Data importing method and system for distributed sequence list

A distributed sequence table and data import technology, which is applied in the direction of electrical digital data processing, special data processing applications, instruments, etc., can solve the problems of long data time and low efficiency, and achieve the effect of improving import speed and saving positioning time

Active Publication Date: 2013-05-01
北京东方国信科技股份有限公司
View PDF4 Cites 27 Cited by
  • Summary
  • Abstract
  • Description
  • Claims
  • Application Information

AI Technical Summary

Problems solved by technology

Due to the large amount of data, when using the interface provided by DOT to import, it is necessary to find the location of the Region fragments step by step from top to bottom, resulting in a long time to import data and low efficiency

Method used

the structure of the environmentally friendly knitted fabric provided by the present invention; figure 2 Flow chart of the yarn wrapping machine for environmentally friendly knitted fabrics and storage devices; image 3 Is the parameter map of the yarn covering machine
View more

Image

Smart Image Click on the blue labels to locate them in the text.
Viewing Examples
Smart Image
  • Data importing method and system for distributed sequence list
  • Data importing method and system for distributed sequence list
  • Data importing method and system for distributed sequence list

Examples

Experimental program
Comparison scheme
Effect test

Embodiment 1

[0029] figure 1 It is a flowchart of the data import method of the distributed sequence table according to the first embodiment of the present invention, such as figure 1 As shown, the data import method of the distributed sequence table includes:

[0030] Step S101: Use the Map function to convert the data to be imported into key-value pairs;

[0031] In each key-value pair, the key is the primary key of the distributed sequence table, and the value is the data content corresponding to the key; the data to be imported can be any form of data, such as text string, binary sequence, etc. The Map function receives the data to be imported and converts it into a number of key-value pairs for output. The key represents the key, and the value is the value, which represents the data content corresponding to the key.

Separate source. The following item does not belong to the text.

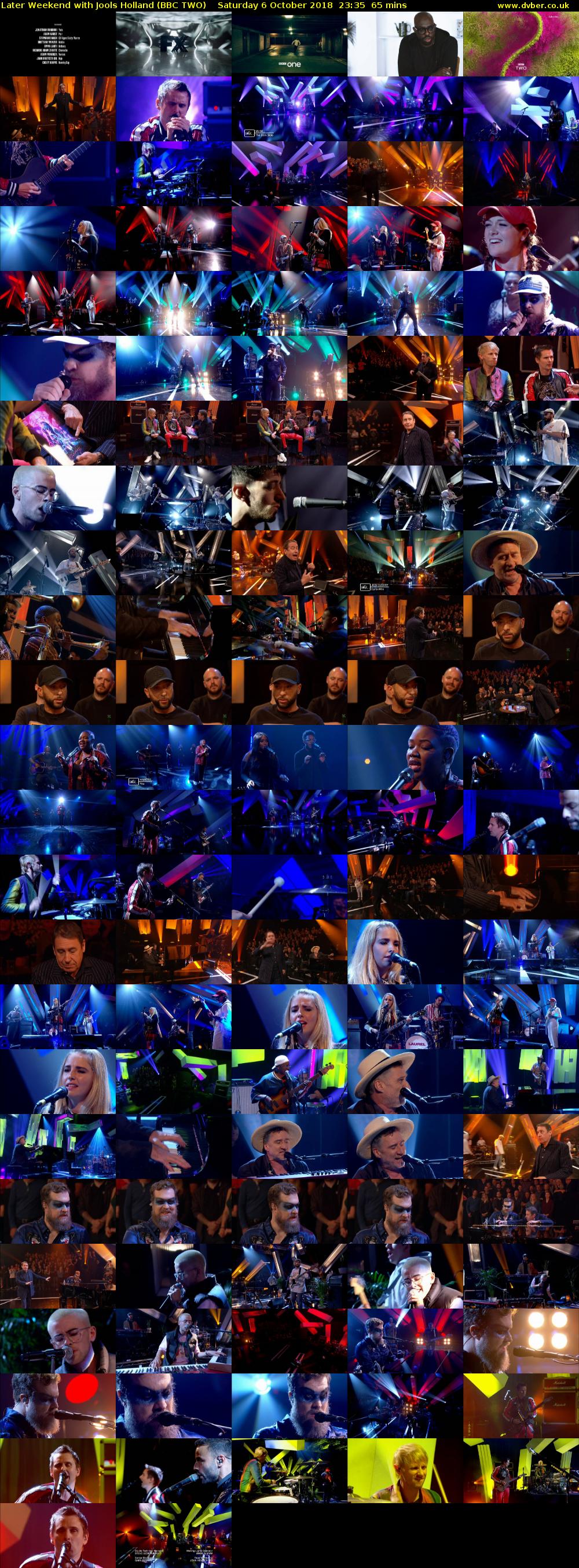 Later Weekend with Jools Holland (BBC TWO) Saturday 6 October 2018 23:35 - 00:40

[0032] Step S102: Sort the key-value pairs according to keys;

[0033] All the key-value pairs generated in step S101 are sorted according to the key, so as to ensure the glob...

Embodiment 2

[0045] In order to further improve the data import speed, the first embodiment may be further improved: including: sorting the input key value pairs of each Reduce function and then performing a merge operation; sampling and analyzing the original data. image 3 It is a flow chart of the data import method of the distributed sequence table described in this embodiment, such as image 3 As shown, the data import method of the further improved distributed sequence table includes:

[0046] Step S301, sampling and analyzing the data to be imported;

[0047] In order to fragment the keys in a balanced manner in step S305, and to obtain a relatively balanced load among the last written data storage files, before converting the to-be-imported data into key-value pairs, it may further include: Using a sampling function to sample and analyze the original data, the above method can provide a balanced segmentation interval reference for subsequent steps. For example, in step S305, the key-valu...

Embodiment 3

[0061] Figure 4 It is the structural block diagram of the data import system of the distributed sequence table described in this embodiment, such as Figure 4 As shown, the data import system of the distributed sequence table described in this embodiment includes:

[0062] The key-value pair conversion module 401 is used to convert the data to be imported into key-value pairs using the Map function;

[0063] In each key-value pair, the key is the primary key of the distributed sequence table, and the value is the data content corresponding to the key; the data to be imported can be any form of data, such as text string, binary sequence, etc. The Map function receives the data to be imported and converts it into a number of key-value pairs for output. The key represents the key, and the value is the value, which represents the data content corresponding to the key.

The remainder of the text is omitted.